I’m one season into watching Curb Your Enthusiasm, Larry David’s followup show to Seinfeld, and I’m shocked to find it oddly life-affirming. I’ve never been much of a cringe comedy kind of guy – regular readers may remember that my trip through a few seasons of The Office included a runner of tracking when my second-hand embarrassment for Michael Scott’s antics became too much to bear and I would have to pause the show to collect myself before moving forward. It could be that I’m in a different place now, more able to take awkwardness in stride, but I do think David’s take on cringe in Curb is something different. Beloved Soluter Miller once remarked that, while Larry (character) has been seen as a purer and more concentrated expression of David’s personality than George Costanza, George is also constantly in a much more desperate state of existence whilst Larry is permanently comfortable. This is true, but I think it goes even further than that – at least at the start of the series*, Larry is married, and he has a wide circle of friends and hobbies.
*I am aware both Larry and David got divorced much later.
There are three basic creative decisions driving this show: the plots are tightly structured, the dialogue is heavily improvised, and the basic concepts are lifted from David’s life. Trying to analyse any specific element on its own is like trying to find the egg in a cake, with all these elements swirling around and bouncing off each other, but I’ll give it my best shot – the combination of structure and free dialogue gives even minor actors a level of control over their character that’s astounding even by long-running TV standards. One of the common weaknesses with comedy of idiots is actors overselling their characters as idiots. In Curb, the actors have been given a goal and free reign on how to achieve it, and it gives each scene a sense of naturalism where you feel like the character really is trying to win (or at least end) the argument.
Lifting the plots specifically from David’s life creates two effects. The first and lesser is that, while Larry is desperately trying to save face at all times, David comes off as fearlessly putting his vulnerabilities on display. Whether it’s stupid or sympathetic, these are things he did and this (sometimes) how he reacted. I’m particularly struck by how this season treats race – there’s an episode where Larry bumps into a line producer from Seinfeld and she points out he never hired her back, accusing him of racism. The episode never finds any closure on the racism angle – neither redeeming Larry in some way by revealing how Not Racist he is, nor doubling down on his defensiveness. It’s just a scene about Larry trying to avoid one awkward situation and stumbling into another.
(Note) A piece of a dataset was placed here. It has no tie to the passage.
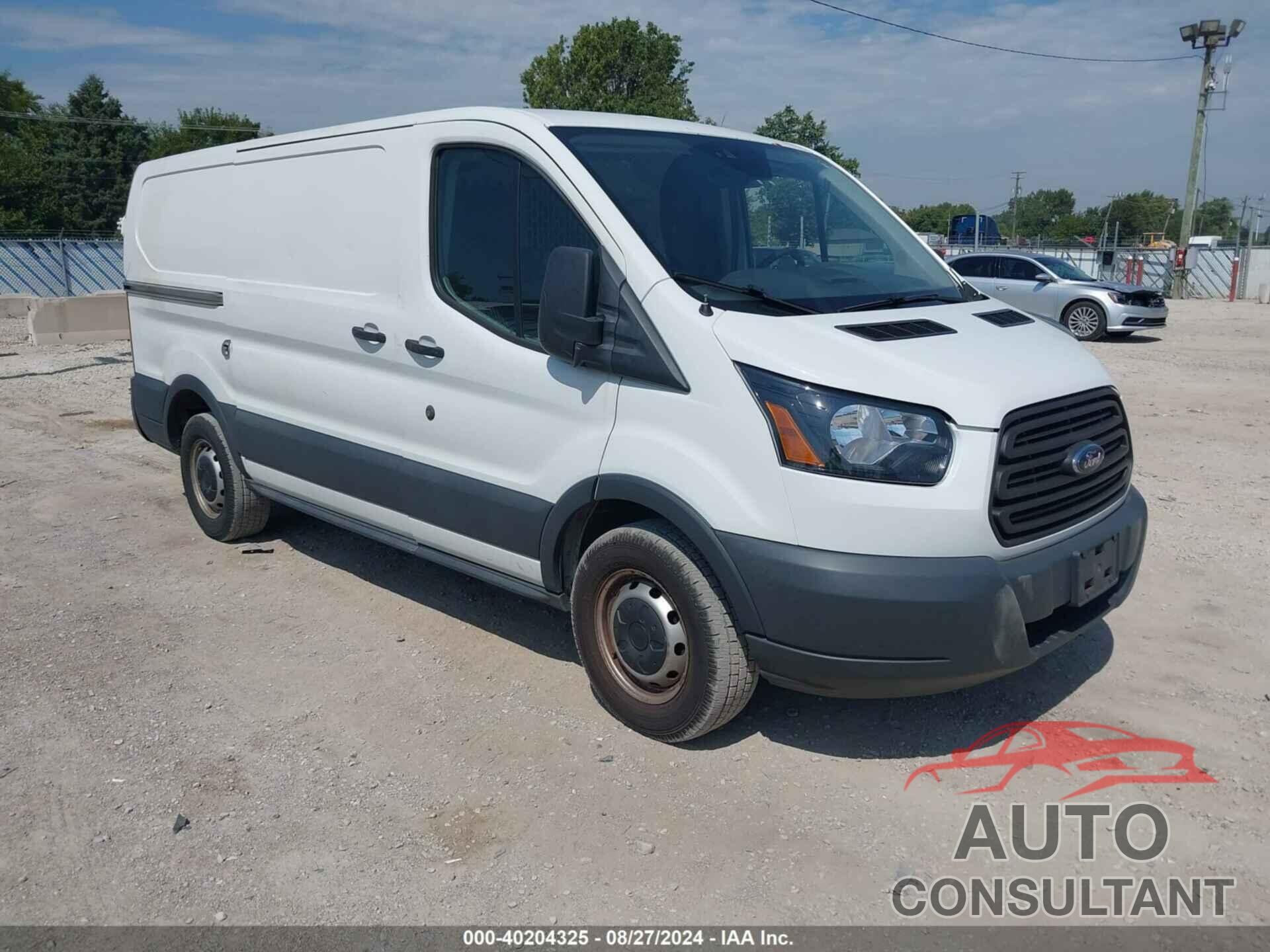 FORD TRANSIT-150 2016 - 1FTYE1YM1GKB51350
There’s a later episode where he makes a bad racist joke and sees it blow up in his face. Again, the fact that the actors have control over how their characters act affords them a level of dignity, at least in how they see themselves.
The more important effect is that the plots are generally spawned by love and sympathy in some way. I was particularly struck by this in the episodes with Richard Lewis – there’s one scene where, in the middle of a blow-up argument, Lewis remarks, “That’s funny! I’m trying not to laugh, but that is funny!” However much the two of them argue and however little Larry likes Richard’s girlfriend, they enjoy each other’s company and actively seek it out. The same goes for his marriage to Cheryl – so many episodes and even scenes start off with Larry lovingly joking with her, and many plot turns are motivated by him trying to do right by her – going to parties because she wants to, making nice with people he can’t stand to get her something. The improvised rapport between actors – them sometimes breaking – helps enormously here.
What’s really weird is the fact that the show is really fucking funny is the important final factor into why it’s life-affirming – that, in fact, if it weren’t for the fact that I’m repeatedly reduced to tears of laughter by what happens, this would just be mildly pleasant. I find myself strongly identifying with Larry’s behaviour – belittled and humiliated on a frequent basis; desperately trying to cover up mistakes and seeing, to his horror, that the coverup is worse than the crime; obsessing over what turns out to be the entirely wrong detail except at times when it turned out he was exactly right to obsess over that detail; above all, being exasperated by the arbitrary personal rules other people make up for him only to run headfirst into your own arbitrary personal rules (I’m with Larry, the cutoff is ten). Drama, at least from an Aristotelian perspective, is about the things that matter.
Comedy, at least my favourite comedy, is about the things that don’t. Ego, personal taste, face – these things not only don’t last, they pass in an instant. It doesn’t actually come up in Curb much, but I’ve never really liked being patronised and historically, that’s what sets off my most Larry-like moments. Part of life for me has been trying to figure out if there’s a way of living in the world that involves neither complete despair nor becoming one of those patronising assholes as some kind of defense mechanism. I think for a lot of people, that patronising behaviour comes from either a need to control the world or an unthinking belief that you do, neither of which I possess nor particularly want to. I don’t want to be better than other people or the comic foil to their antics. At the end of the first episode, when Larry has been caught out in a lie with Kathy Griffin, he just stops, and I find myself cackling. That’s a different perspective: maybe this petty shit is funny, not annoying or embarrassing.